Your assignment: Please restate word for word the lines of the entries below from the one with "NAR23 Tobirama Senju" to the one with "Samsung Galaxy S20", inclusive, and leave out every picture.

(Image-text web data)
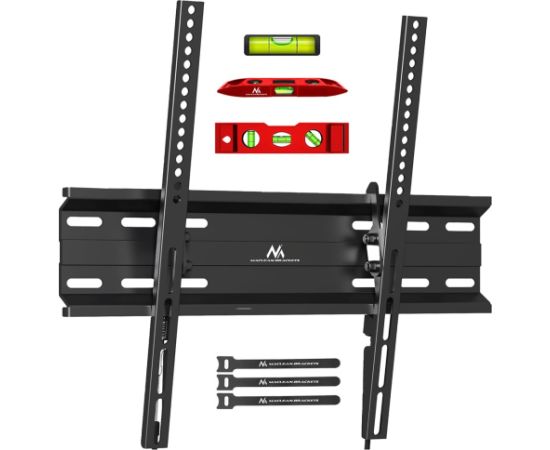 Maclean MC-748A TV or Monitor Mount, TV Wall Holder, Handle, max VESA 400x400, 32-70", 45kg, Black TV un monitoru stiprinājumi, kronšteini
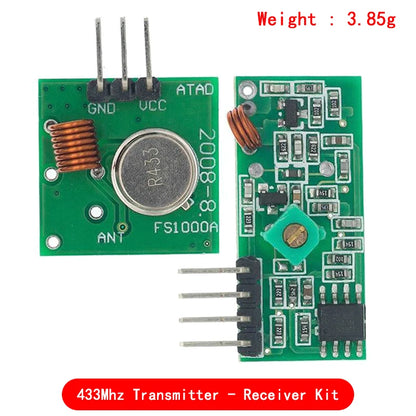 Smart Electronics 433Mhz RF transmitter and receiver Module link kit For arduino/ARM/MCU WL diy 315MHZ/433MHZ wireless
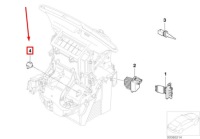 Mini cooper r50 r53 датчик температуры отопления 64111499144 оригинальный с Разборки, фото thumb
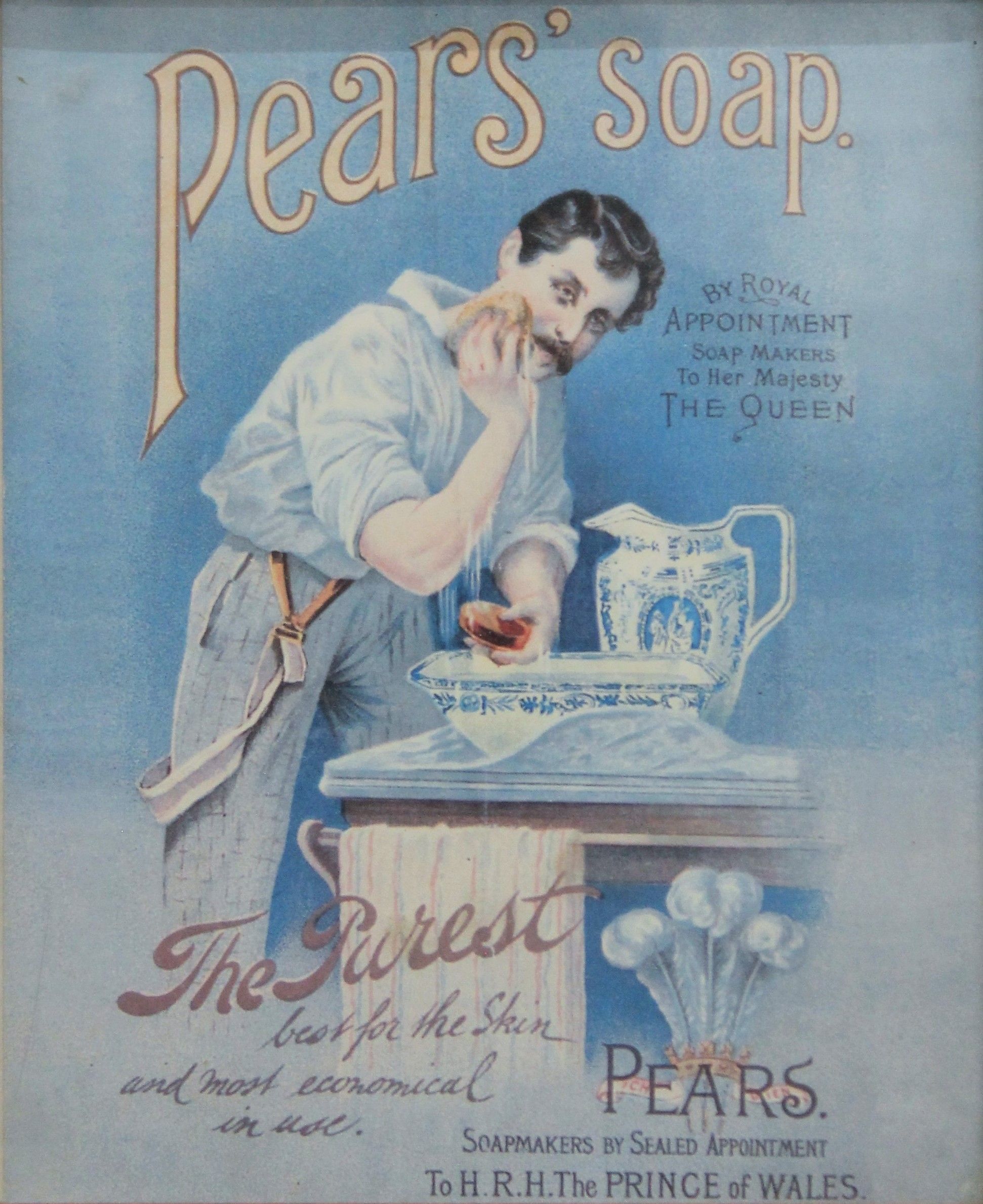 Two framed prints of adverts for Cadbury's Coco and Pears' Soap. The former 35.5 x 43 cm overall. - Image 3 of 4
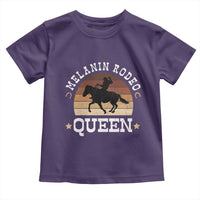Melanin Rodeo Queen Toddler T Shirt Cowgirl Riding Horse African American Cowgirls Retro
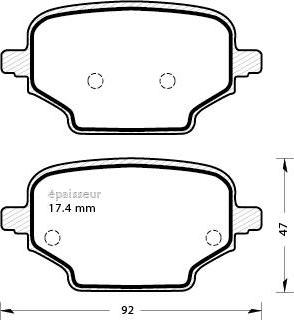 CAR PNT2612 - Тормозные колодки, дисковые, комплект autosila-amz.com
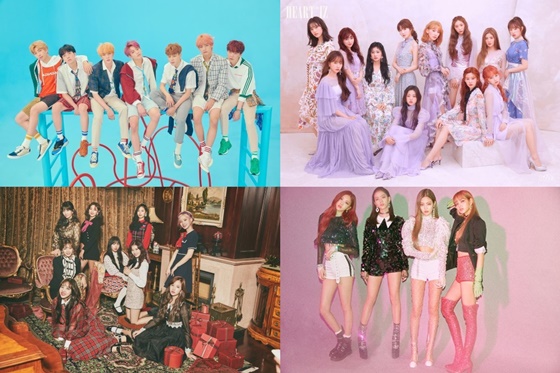 /사진제공=빅히트,오프더레코드,YG,JYP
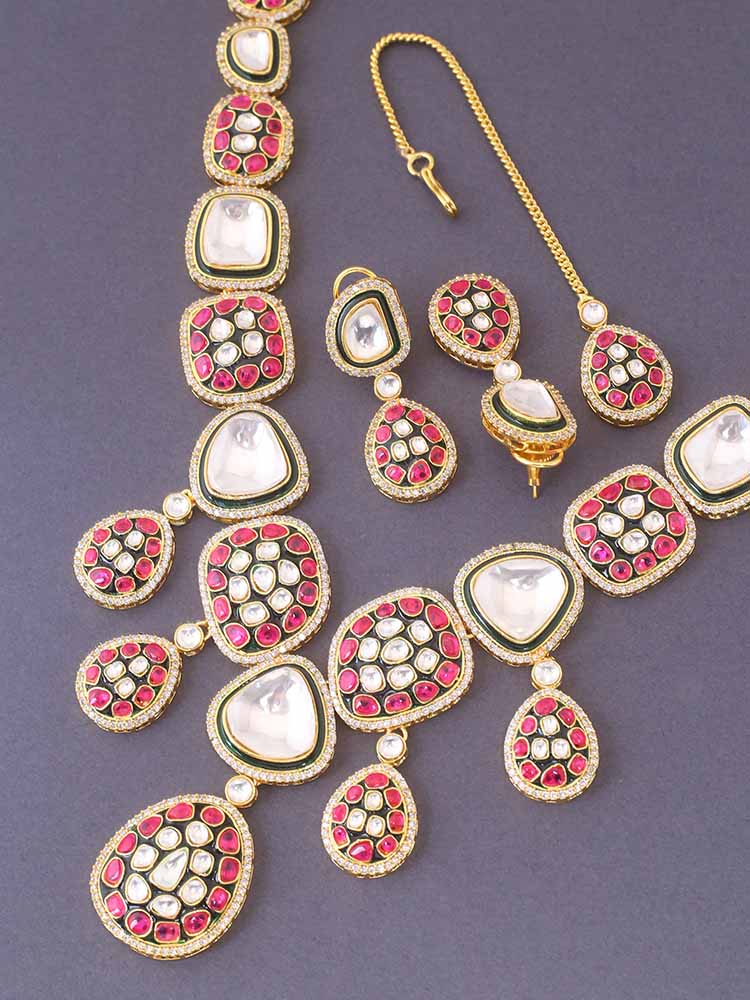 Rani Nimrat Kundan Jewellery Set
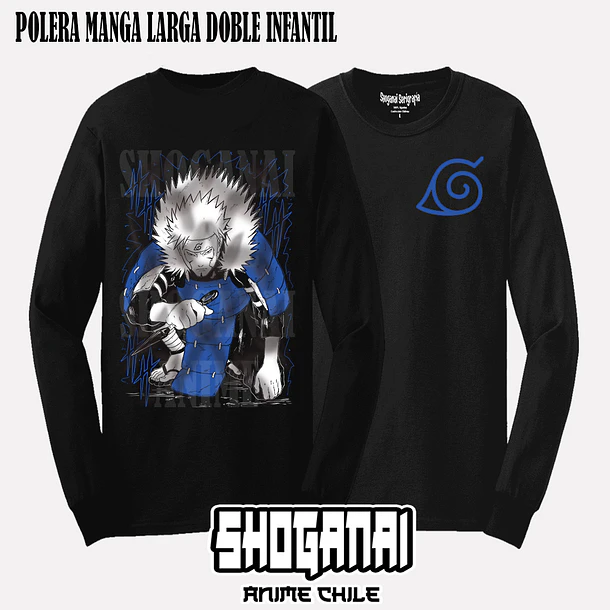 NAR23 Tobirama Senju - NARUTO - INFANTIL (Polera o Polerón) 4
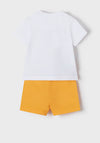 Mayoral Baby Boys Tee & Shorts Set, Orange Multi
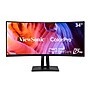 ViewSonic ColorPro 34" Curved 75Hz LED Monitor, Black (VP3456A)~#|#~AD3958C6-FB76-4FED-AEB208D60BBFE012_sc7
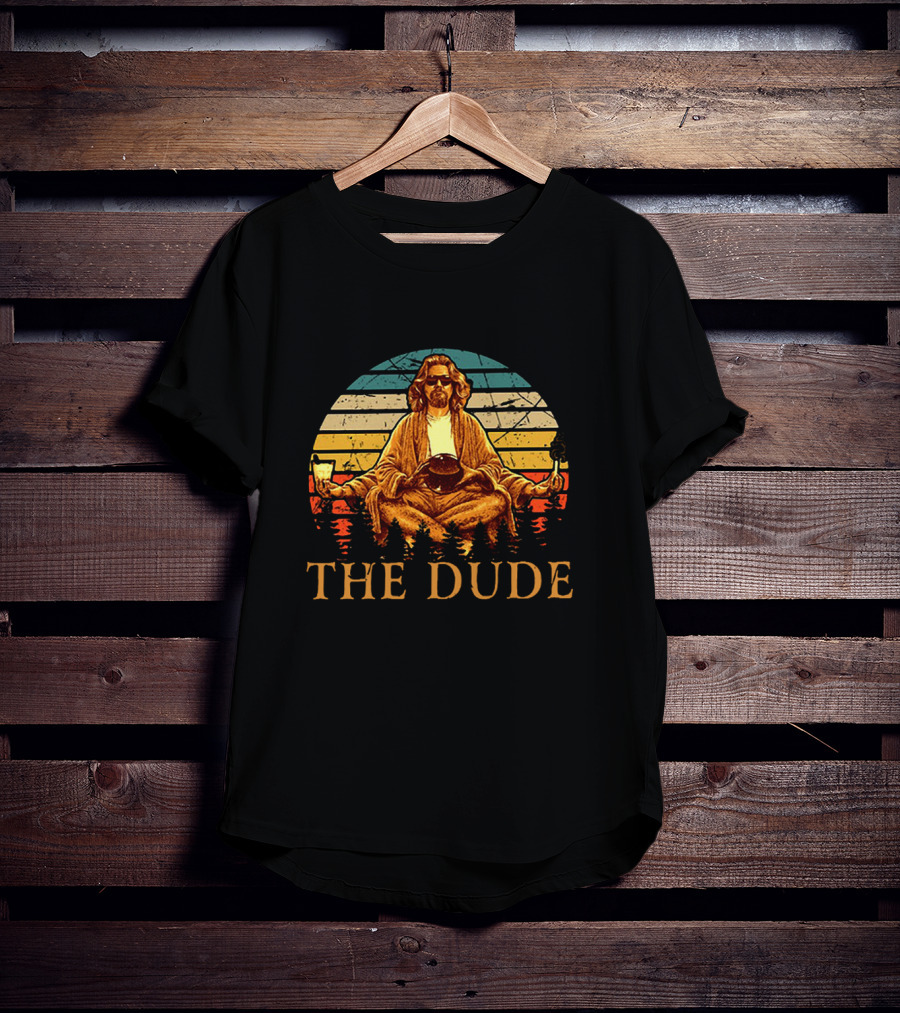 The Big Lebowski The Dude Retro Sunset Zen T-Shirt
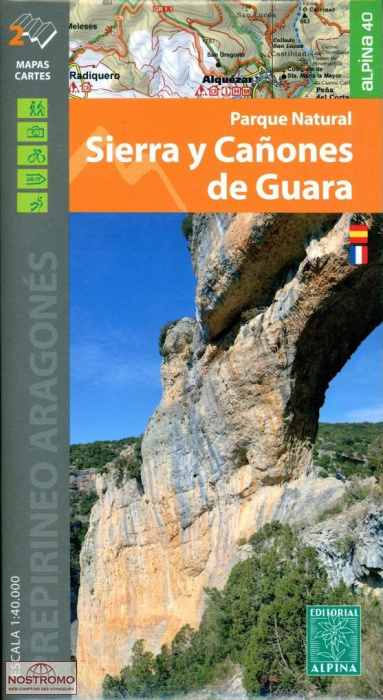 15 SIERRA Y CAÑONES DE GUARA | Alpina hiking map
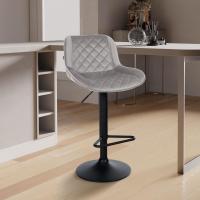 Barhocker Kasson Samt grau Barhocker Kasson Samt grau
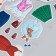 Plastic sticker "Dress the doll. School" 15x20 cm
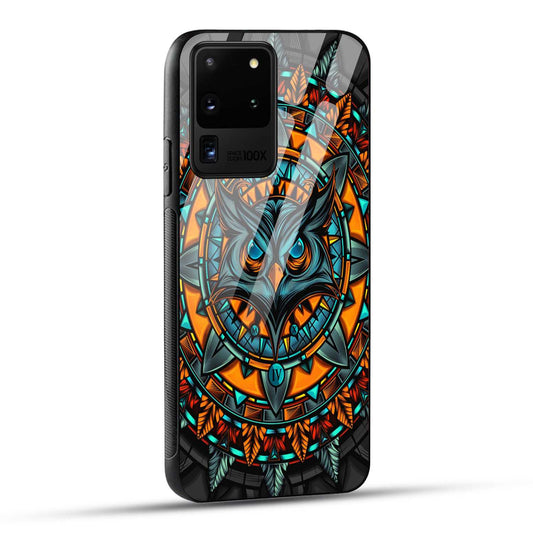 Samsung Galaxy S20 Ultra Back Cover Attractive Owl Printed Glass Case
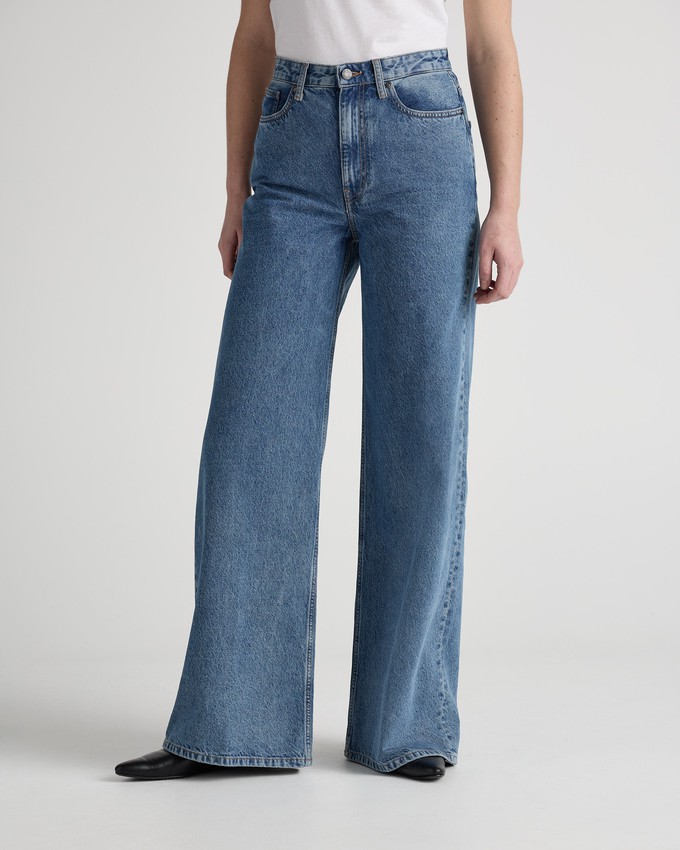 Sara High Loose - Stone Vintage from Mud Jeans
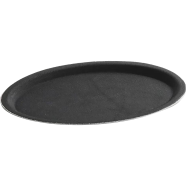 IHW Tray Fiber Non-Slip Black 18.0'' Round 1 Pcs image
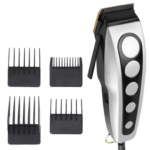ENZO EN-306 – Tondeuse Filaire Professionnelle 10 W avec Lames en Acier Inoxydable – noir et gris tondeuse 10W tondeuse filaire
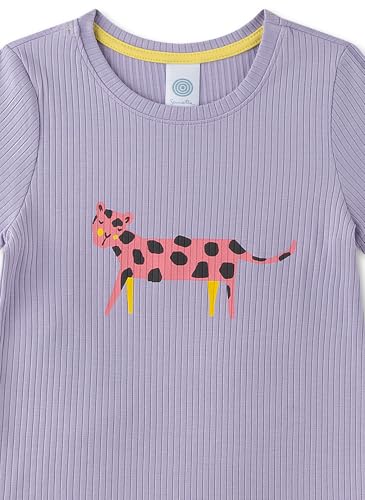 sanetta-m-dchen-schlafanzug-kurz-lila-pyjamaset-aus-viskose-baumwoll-mix image 6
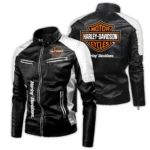 Harley-Davidson Exclusive Logo Leather Jacket Motorcycle HOMOT060625LJ01HD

Exercise answer:
 NAR23 Tobirama Senju - NARUTO - INFANTIL (Polera o Polerón) 4
 Mayoral Baby Boys Tee & Shorts Set, Orange Multi
 ViewSonic ColorPro 34" Curved 75Hz LED Monitor, Black (VP3456A)~#|#~AD3958C6-FB76-4FED-AEB208D60BBFE012_sc7
 The Big Lebowski The Dude Retro Sunset Zen T-Shirt
 15 SIERRA Y CAÑONES DE GUARA | Alpina hiking map
 Barhocker Kasson Samt grau Barhocker Kasson Samt grau
 Plastic sticker "Dress the doll. School" 15x20 cm
 Samsung Galaxy S20 Ultra Back Cover Attractive Owl Printed Glass Case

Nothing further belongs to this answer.